DeepLSR: a deep learning approach for laser speckle reduction
This addresses image quality issues in medical and imaging applications using coherent light sources, such as endoscopy, with a novel method that significantly reduces noise.
The paper tackles the problem of laser speckle artifacts degrading image quality in coherent imaging modalities by presenting DeepLSR, an adversarial deep learning framework that reduces speckle noise by 6.4 dB in gastrointestinal tissue images, outperforming existing methods like non-local means (2.9 dB) and BM3D (3.0 dB).

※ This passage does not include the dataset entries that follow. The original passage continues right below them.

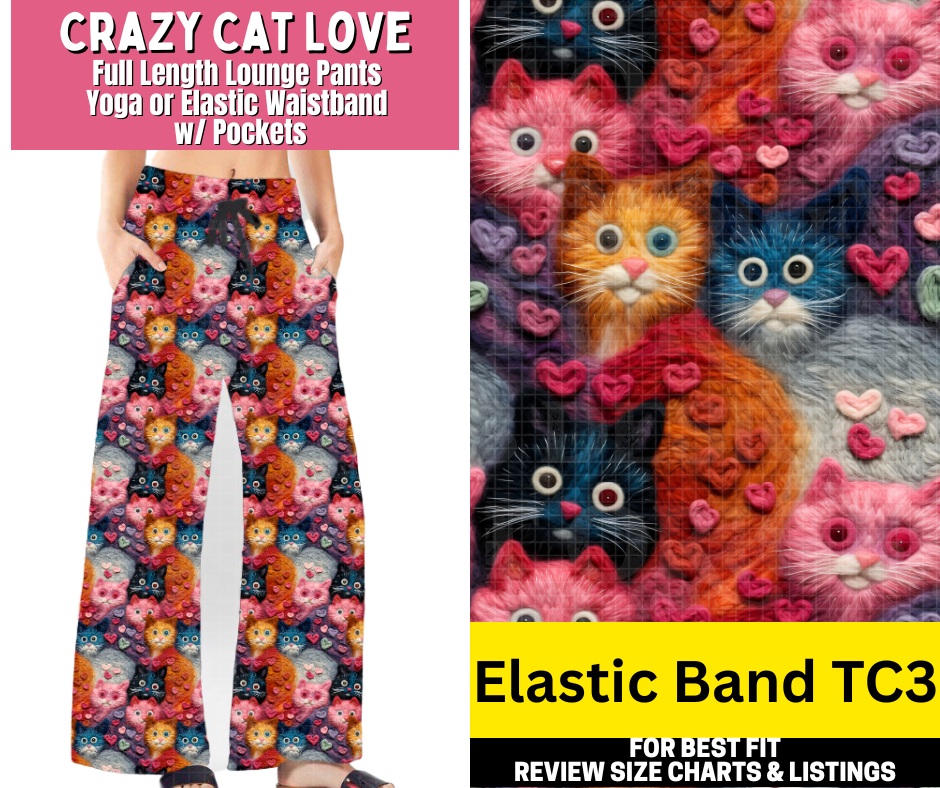 Crazy Cat Love Full Length Lounge Pants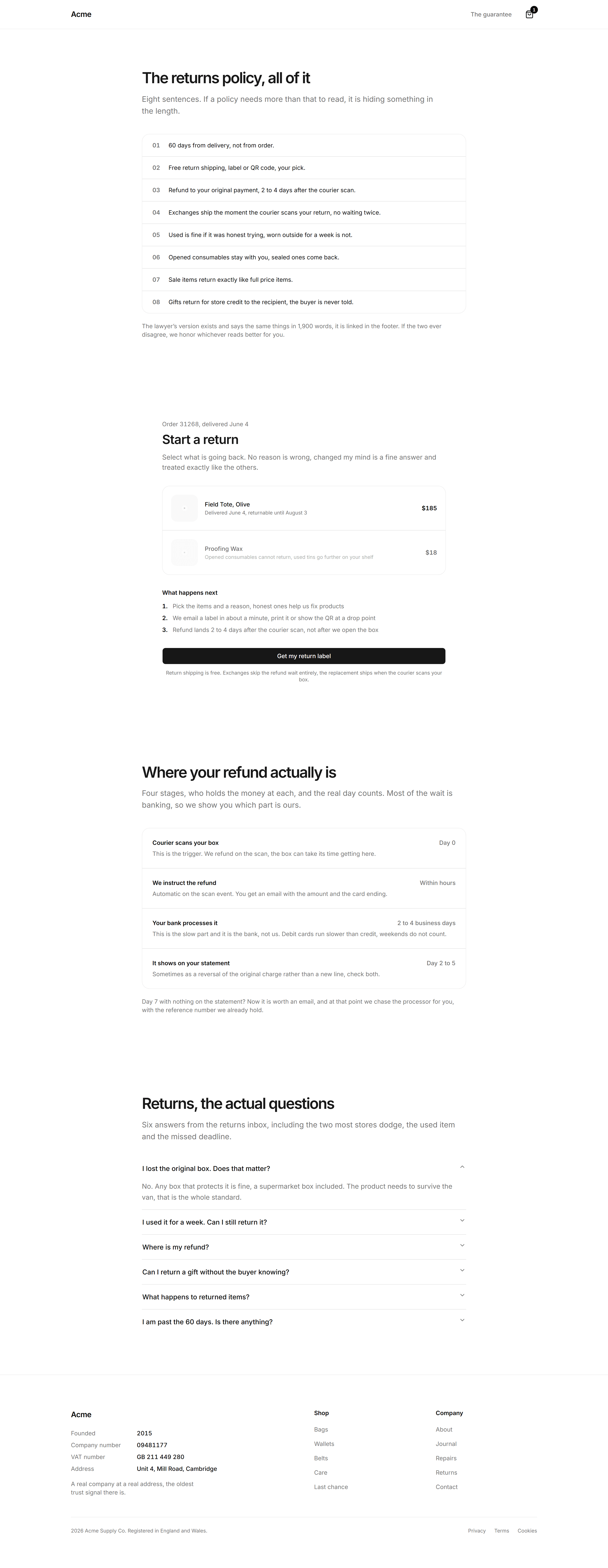 Ecommerce Prebuilt Page: Returns Center Page
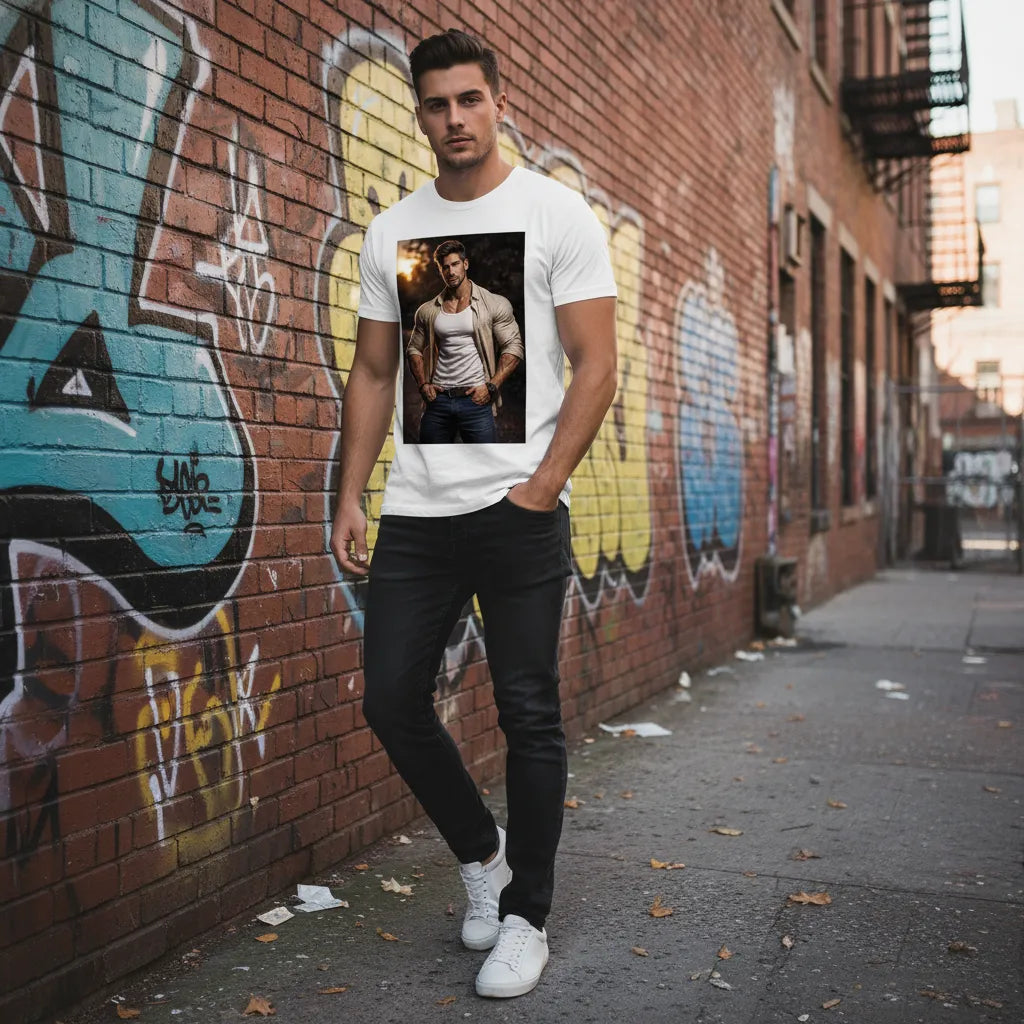 Koszulka kulturysta ze zdjęcia - koszulka z własnym nadrukiem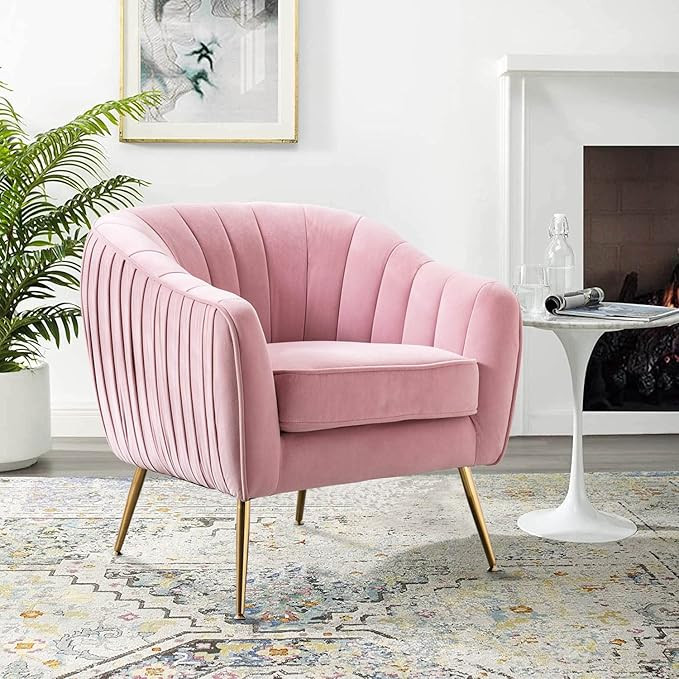 Altrobene Velvet Accent Chair, Modern Barrel Arm Chair for Living Room Bedroom with Gold Finished... | Amazon (US)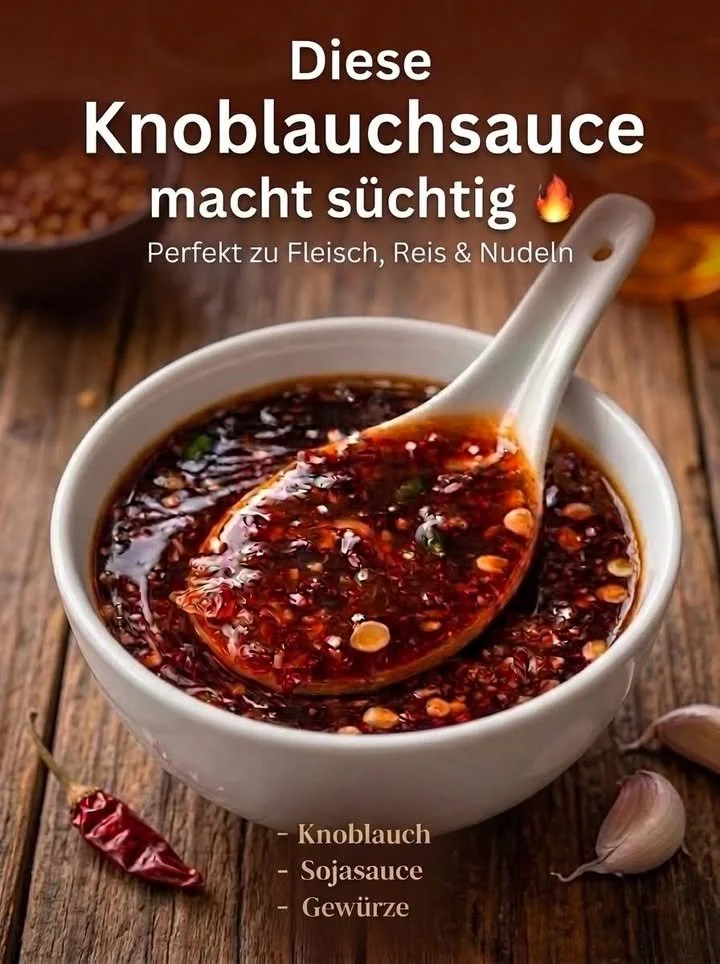 Schüssel mit chinesischer Knoblauchsauce auf einem Tisch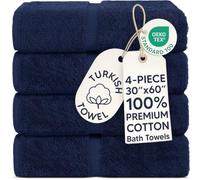 Chakir Turkish Linens 100% Cotton Premium Turkish Towels for Bathroom | 30'' x 60'' Large Bath Towels (4 Piece, Navy)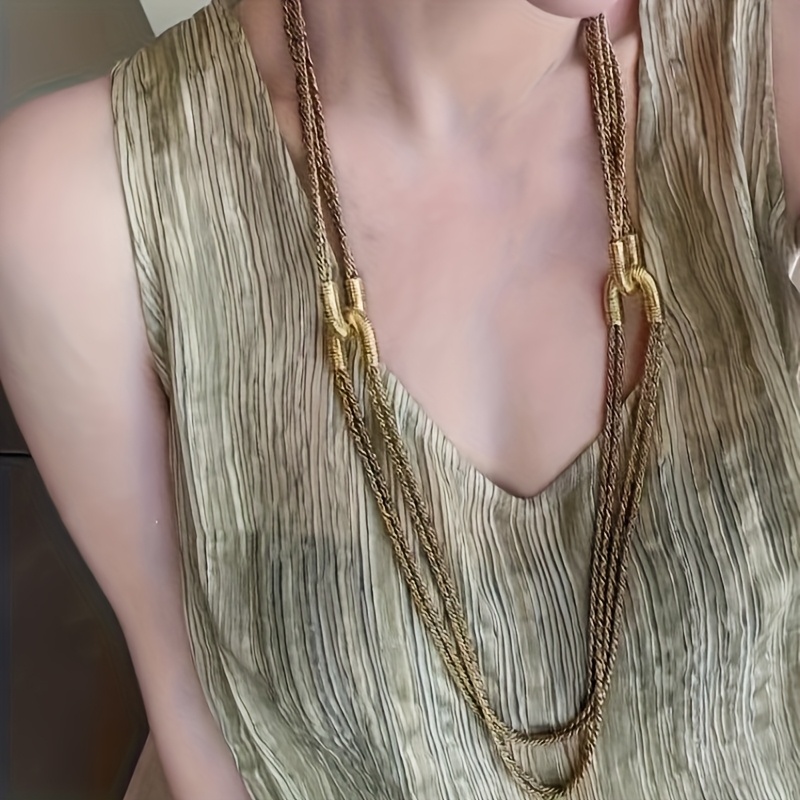 Women's Vintage Style Long Multi-Layer Sweater Chain Necklace, Gift Idea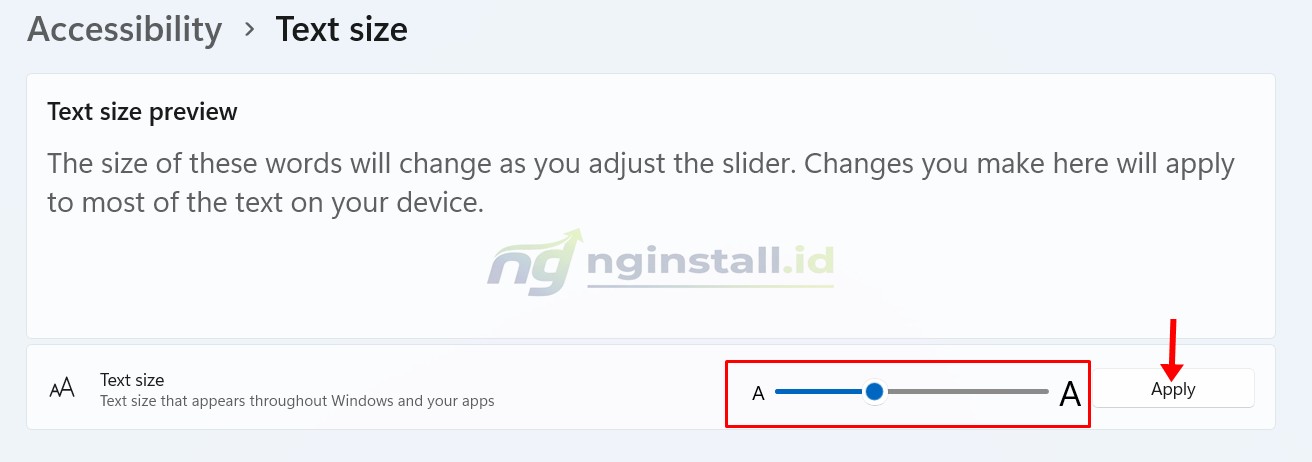 Cara Mengubah Ukuran Font/Huruf Windows 11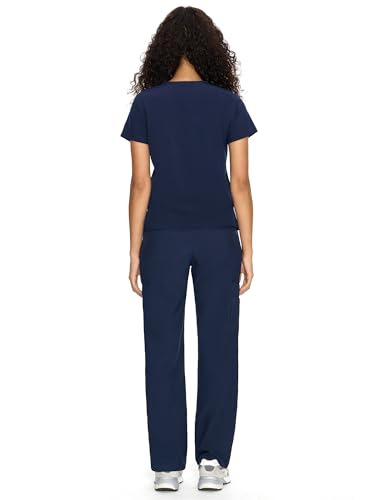 COZY SCRUBS Uniforme Médico Mujer Scrubs - Conjunto Enfermería con Blusa Cuello V y Pantalón Recto, 9 Bolsillos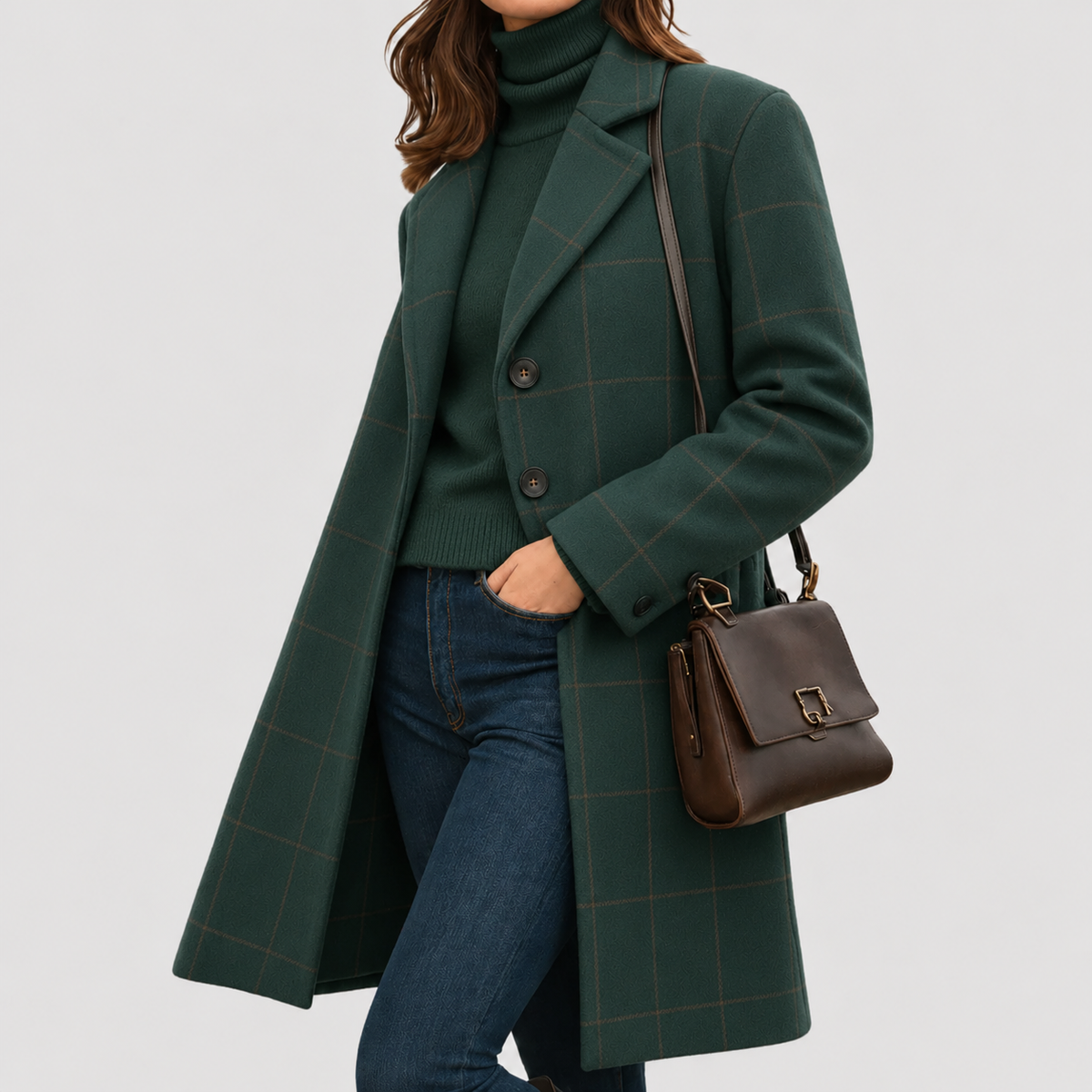 Rosa | Windowpane Check Single Breasted Longline Coat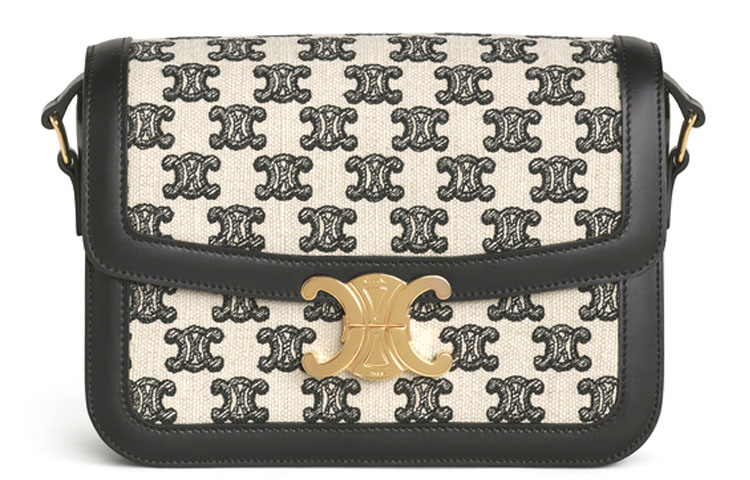 CELINE Triomphe Embroidery Fabric And Cow Leather Handbag, Shoulder Bag Medium Women's Black & White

Speckle artifacts degrade image quality in virtually all modalities that utilize coherent energy, including optical coherence tomography, reflectance confocal microscopy, ultrasound, and widefield imaging with laser illumination. We present an adversarial deep learning framework for laser speckle reduction, called DeepLSR (https://durr.jhu.edu/DeepLSR), that transforms images from a source domain of coherent illumination to a target domain of speckle-free, incoherent illumination. We apply this method to widefield images of objects and tissues illuminated with a multi-wavelength laser, using light emitting diode-illuminated images as ground truth. In images of gastrointestinal tissues, DeepLSR reduces laser speckle noise by 6.4 dB, compared to a 2.9 dB reduction from optimized non-local means processing, a 3.0 dB reduction from BM3D, and a 3.7 dB reduction from an optical speckle reducer utilizing an oscillating diffuser. Further, DeepLSR can be combined with optical speckle reduction to reduce speckle noise by 9.4 dB. This dramatic reduction in speckle noise may enable the use of coherent light sources in applications that require small illumination sources and high-quality imaging, including medical endoscopy.